In the previous entries, Levels \(1, 2, 3, 4\) were discussed. Level \(5\) is intimately connected to the famous Rogers-Ramanujan continued fraction \(R(q)\). Let \(q = e^{2\pi i \tau}\) then 

$$x=\frac1{R(q)}-R(q) =  \frac{\eta(\tau/5)}{\eta(5\tau)}+1\\ \quad y=\frac1{R^5(q)}-R^5(q) = \left(\frac{\eta(\tau)}{\eta(5\tau)}\right)^6+11$$ Eliminating \(R(q)\) between the two and we get the relationship between \((x,y)\) as the solvable DeMoivre quintic,

$$x^5+5x^3+5x=y$$ which is solvable in radicals for any \(y\).
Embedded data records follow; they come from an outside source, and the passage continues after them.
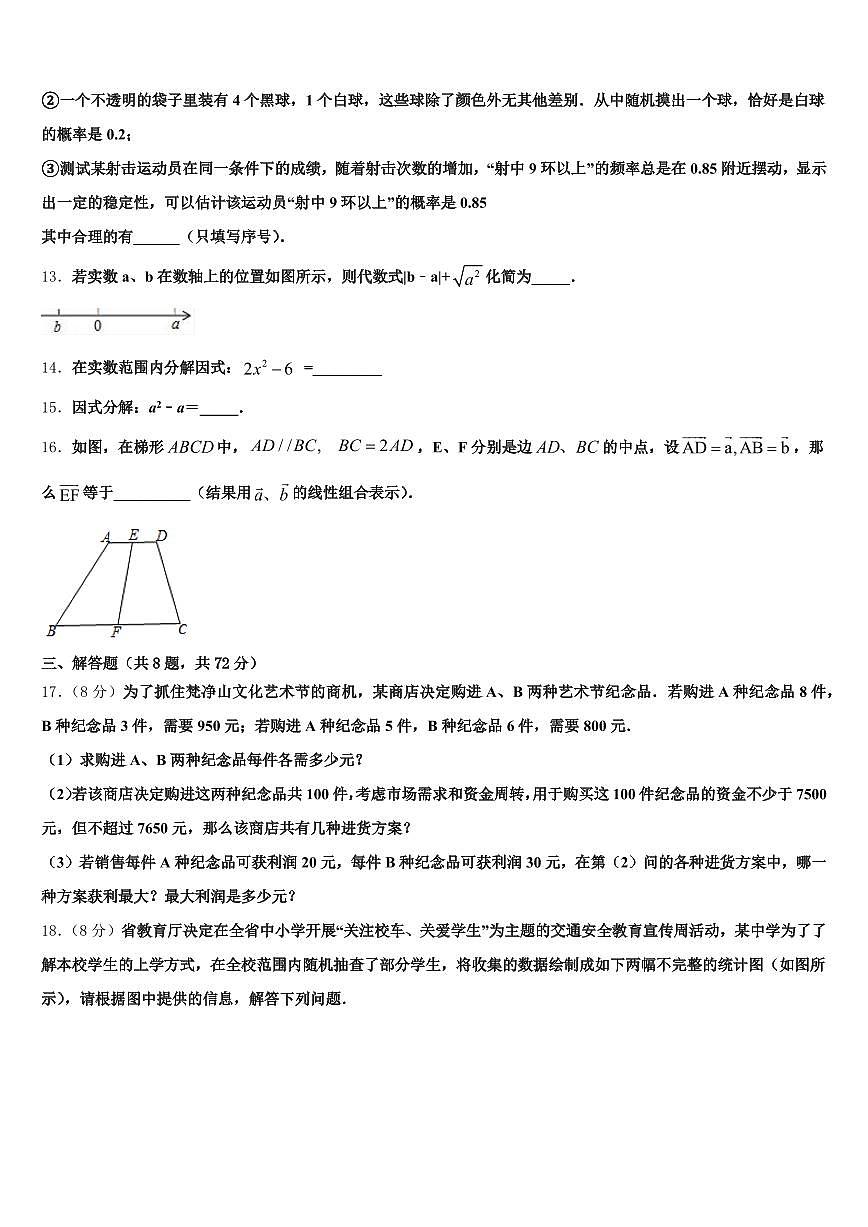 2024-2025学年四川省绵阳市涪城区中考数学最后冲刺模拟试卷含解析第3页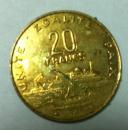 吉布提共和国 硬币 20法郎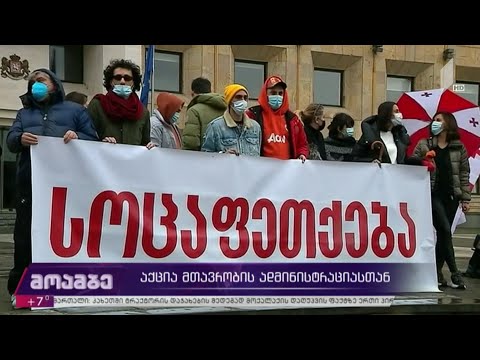 აქცია მთავრობის კანცელარიასთან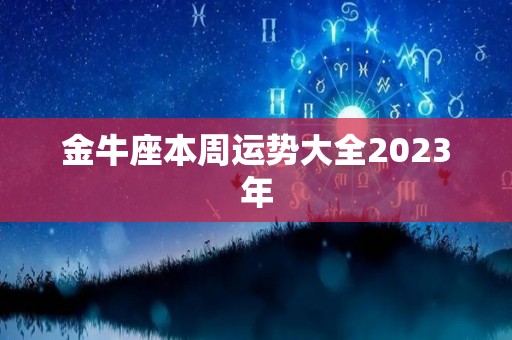 金牛座本周运势大全2023年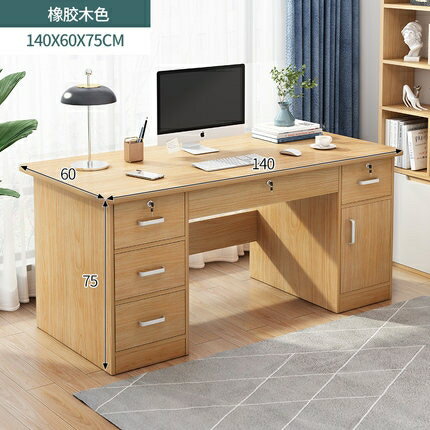 辦公室辦公桌子學生用電腦桌現代簡約書桌家用書房臥室寫字桌帶鎖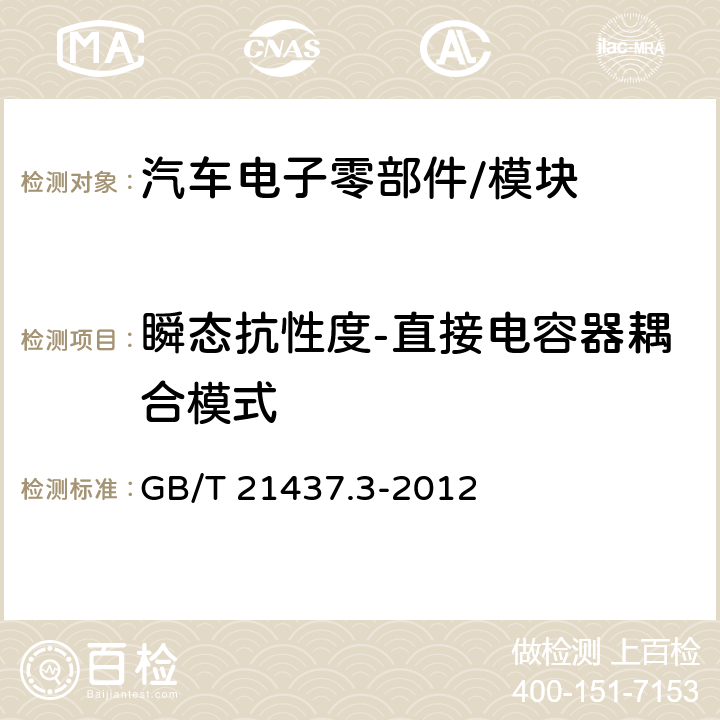 瞬态抗性度-直接电容器耦合模式 道路车辆 由传导和耦合引 起的电骚扰 第3部分: 除电源线外的导线通过容性和感性耦合的电瞬态发射 GB/T 21437.3-2012 4.6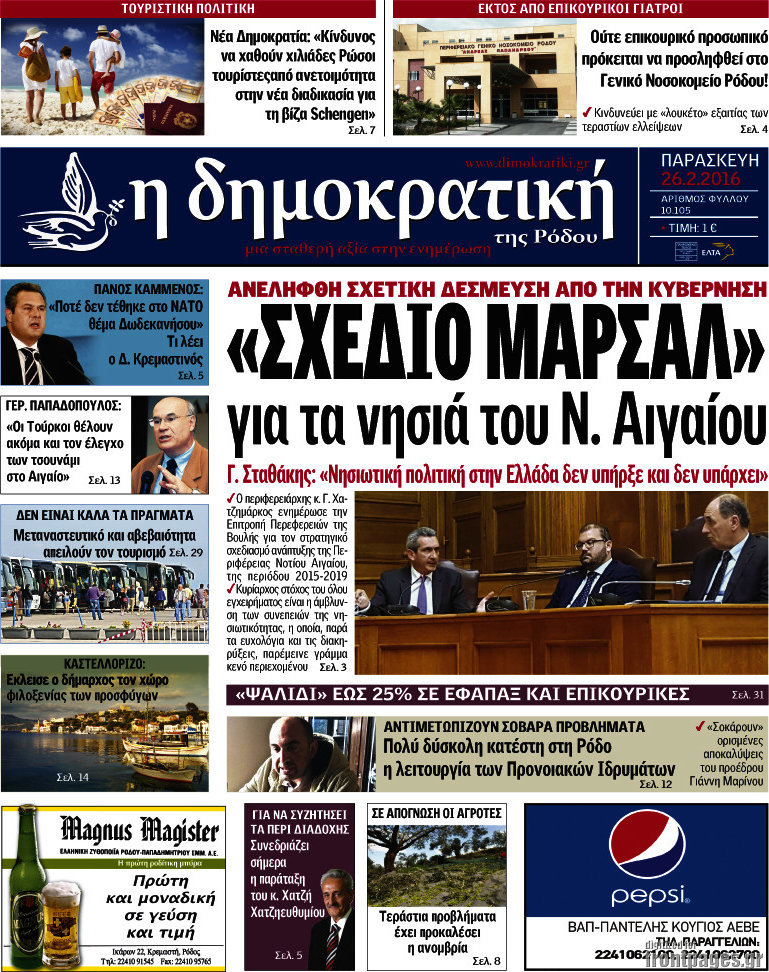 Δημοκρατική Ρόδου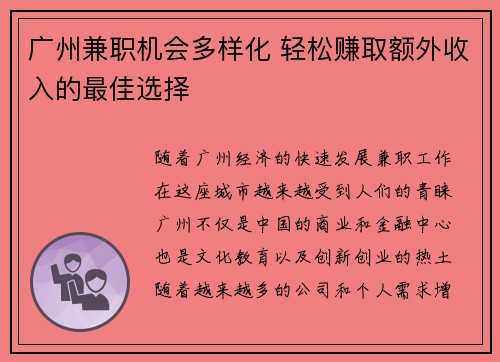 广州兼职机会多样化 轻松赚取额外收入的最佳选择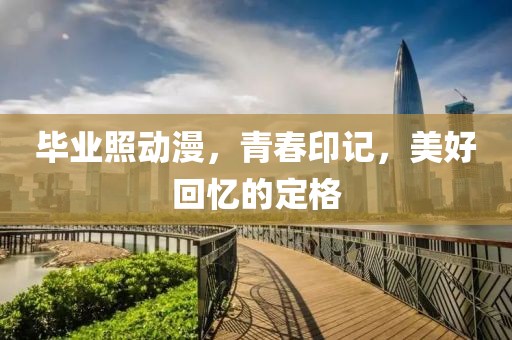 畢業(yè)照動(dòng)漫，青春印記，美好回憶的定格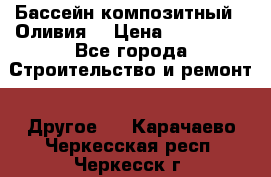 Бассейн композитный  “Оливия“ › Цена ­ 320 000 - Все города Строительство и ремонт » Другое   . Карачаево-Черкесская респ.,Черкесск г.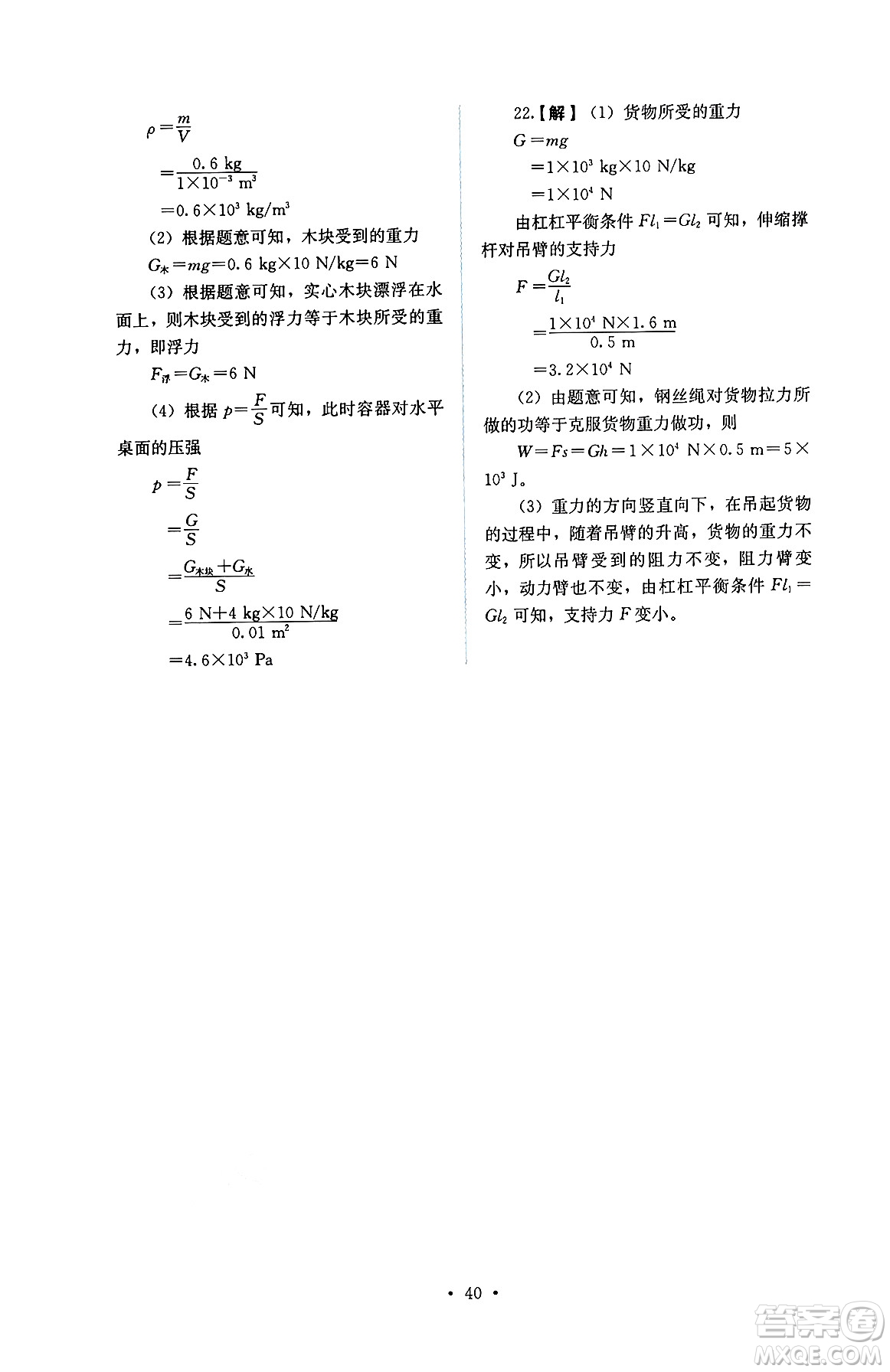 人民教育出版社2025年春人教金學(xué)典同步練習(xí)冊(cè)同步解析與測(cè)評(píng)八年級(jí)物理下冊(cè)人教版答案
As usual, define \(d_k=\eta(k\tau)\) with the Dedekind eta function \(\eta(\tau)\) and $$j_{5A}(\tau) = \left(\frac{d_1}{d_5}\right)^6+5^3\left(\frac{d_5}{d_1}\right)^6+22$$ Examples

$$\begin{align}j_{5A}\Big(\tfrac{1+\sqrt{-7/5}}{2}\Big) &= -(2\sqrt7)^2\\ j_{5A}\Big(\tfrac{1+\sqrt{-23/5}}{2}\Big) &= -(6\sqrt{23})^2\\ j_{5A}\Big(\tfrac{1+\sqrt{-47/5}}{2}\Big) &= -(18\sqrt{47})^2\\ \end{align}$$ Compare to a similar phenomenon for Level 5. These have discriminant \(d=5p\) for prime \(p=7,23,47\) and have class number 2. For class number 6,

$$\begin{align}j_{5A}\Big(\tfrac{1+\sqrt{-103/5}}{2}\Big) &= -(x\sqrt{103})^2\\ j_{5A}\Big(\tfrac{1+\sqrt{-167/5}}{2}\Big) &= -(y\sqrt{167})^2\\ \end{align}$$

where \((x,y)\) are the real roots of the cubics

$$103 x^3 + 12566 x^2 - 12316 x + 15272 = 0\\ 167 y^3 + 113226 y^2 + 6372 y + 216= 0$$ and so on.